Page 262 - Sejarah Tokoh Nama Bandar Udara (PREVIEW)
P. 262
251 SEJARAH TOKOH NAMA BANDAR UDARASEJARAH TOKOH NAMA BANDAR UDARA
PENUTUP
Pada 1998 terjadi perubahan drastis di Indonesia. Lengsesrnya Presiden Suharto
setelah 32 tahun berkuasa berdampak pada perubahan dalam segi kehidupan berbangsa.
Salah satu dampak tersebut adalah dikeluarkannya Undang Undang Otonomi Daerah, yang
menyebabkan terjadinya pemekaran sejumlah daerah di wilayah Indonesia. Perubahan
jumlah provinsi di Indonesia. Hingga tahun 2004, terjadi pemekaran jumlah provinsi di
Indonesia, yang semula berjumlah 27 berubah menjadi 34 Provinsi.
Pemekaran tersebut juga berdampak pada pembangunan infrastuktur, antara lain,
pembangunan bandar udara sebagai salah satu sarana transportasi di ibu kota provinsi
baru tersebut. Dalam perkembangannya, pengelolaan bandar udara juga silih berganti
mengalami perubahan, ada yang awalnya dikelola oleh pemerintah kolonial Belanda,
pemerintah bala tentara Jepang, pemerintah daerah, Direktorat Jenderal Perhubungan
Udara, dan dari instansi Angkatan Laut. Saat ini (2019), pengelolaan bandar udara dipegang
oleh Kementerian Perhubungan, Angkasa Pura I, Angkasa Pura II, Otorita (Batam), dan
Biro Penerbangan Angkatan Laut dan atau TNI AU
Perubahan lain yang terjadi adalah adanya perubahan nama beberapa bandar udara
seperti yang terangkum dalam buku ini, yaitu dari nama tempat menjadi nama pahlawan atau
tokoh. Di Banda Aceh, misalnya, pada zaman Jepang, bandar udaranya bernama Blang
Bintang, kemudian setelah kemerdekaan menjadi Bandar Udara Sultan Iskandar Muda.

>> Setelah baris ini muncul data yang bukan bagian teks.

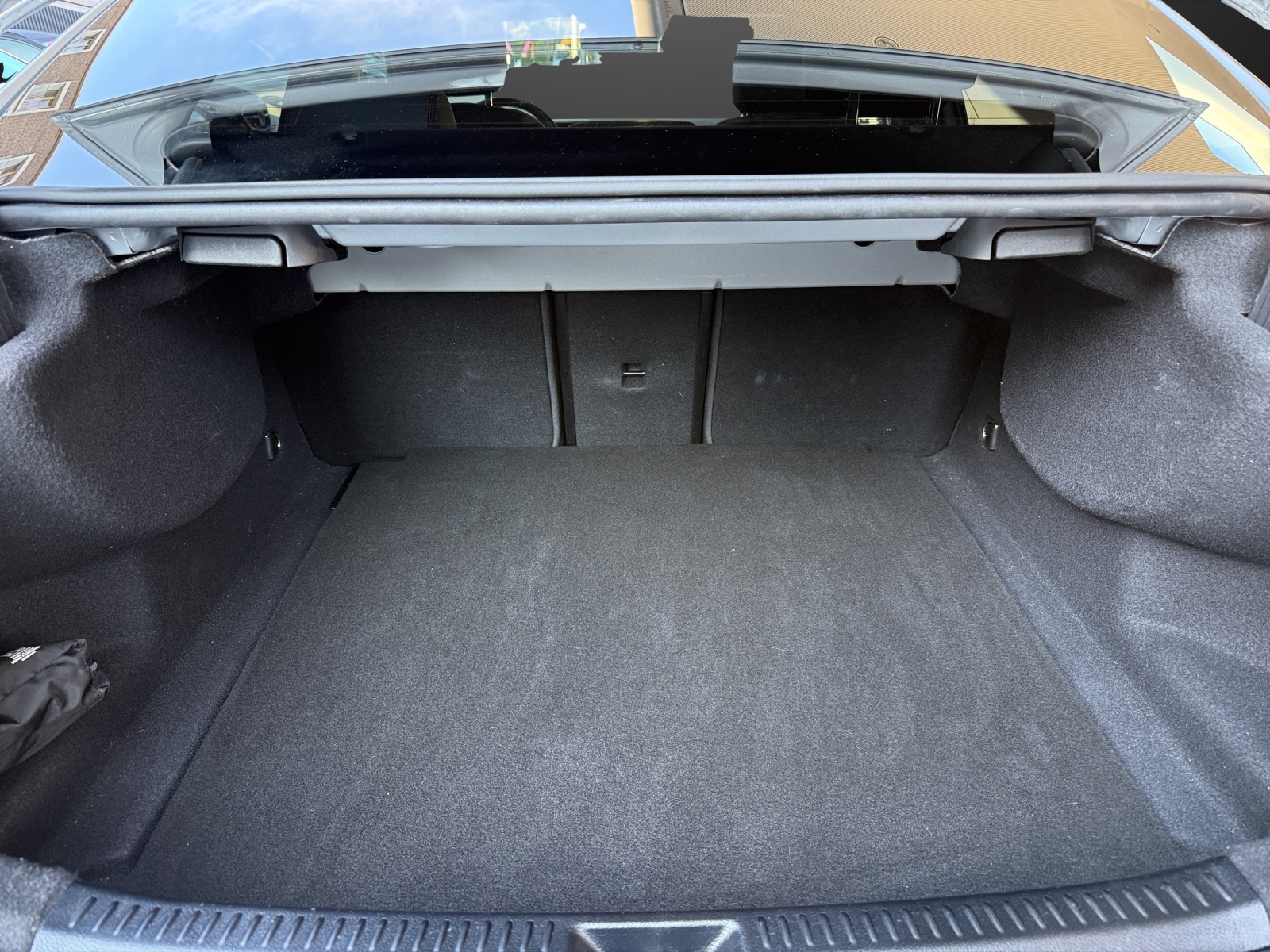 MERCEDES-BENZ A 180 AMG Line 7G-DCT Sedan-image-13
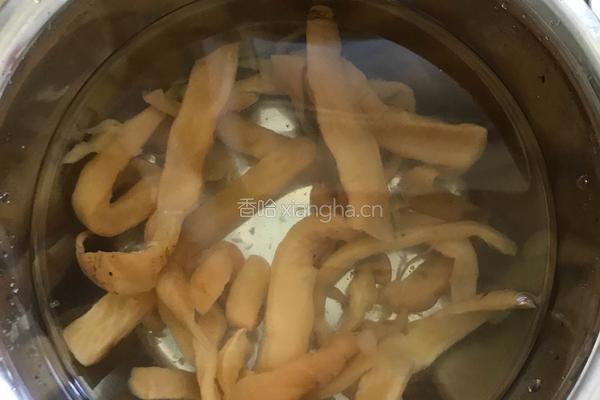 炒咸萝卜的做法图解1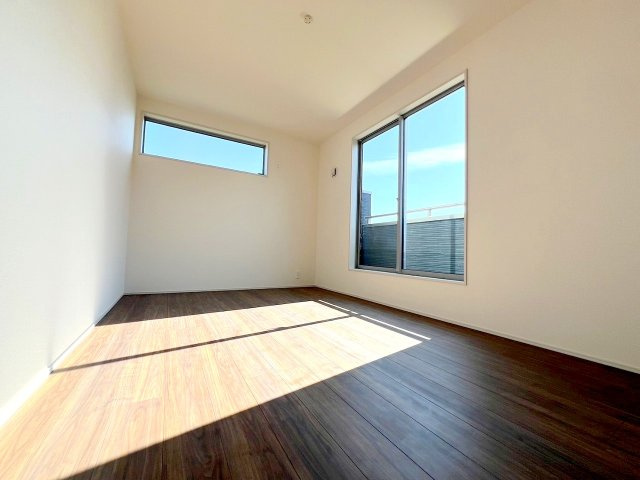 武蔵村山市残堀1丁目　全4棟　新築戸建の洋室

Sebelum dikelola oleh pihak Angkasa Pura II, bandar dara ini dikelola oleh pemerintah bala
tentara Jepang. Demikian pula bandar udara di Palembang, yang dibangun pada masa Hindia
Belanda, berubah namanya dari Talang Betutu menjadi Sultan Mahmud Badaruddin II dan
pengelolaannya diserahkan kepada pihak Angkasa Pura II. Sementara itu, Bandar Udara
Pangkal Pinang yang dibangun oleh pemerintah bala tentara Jepang, setelah kemedekaan
dikelola oleh Angkasa Pura II dan mengalami perubahan nama menjadi Bandar Udara
Depati Amir.
Bandar udara lain yang juga mengalami perubahan nama adalah Bandar Udara
Tuban (Bali) yang dididirikan pada masa pemerintah kolonial Belanda sekitar tahun 1930-
an, berubah nama menjadi Bandar Udara I Gusti Ngurah Rai. Bandar udara ini dikelola oleh
pihak Angkasa Pura I, demikian pula Bandar Udara Kadieng (Sulawesi Selatan) yang juga
dibangun oleh pemerintah kolonial Belanda pada tahun 1930-an mengalami perubahan
nama menjadi Bandar Udara Sultan Hassanuddin.
Bandar Udara Ternate, yang kemudian lebih dikenal sebagai Bandar Udara Sultan
Baabullah, sejak 1971 dikelola oleh Kementerian Perhubungan. Demikian pula untuk bandar
udara di Gorontalo, badara ini didirikan oleh Direktorat Jenderal Perhubungan Udara pada
1974 dengan nama Bandar Udara Tolotiu, kemudian mengalami perubahan nama menjadi
Bandar Udara Djalaluddin. Hal yang sama juga terjadi pada Bandar Udara Temindung di
Kalimantan Timur dalam perkembangannya dikenal sebagai Aji Pangeran Tumenggung
Pranoto.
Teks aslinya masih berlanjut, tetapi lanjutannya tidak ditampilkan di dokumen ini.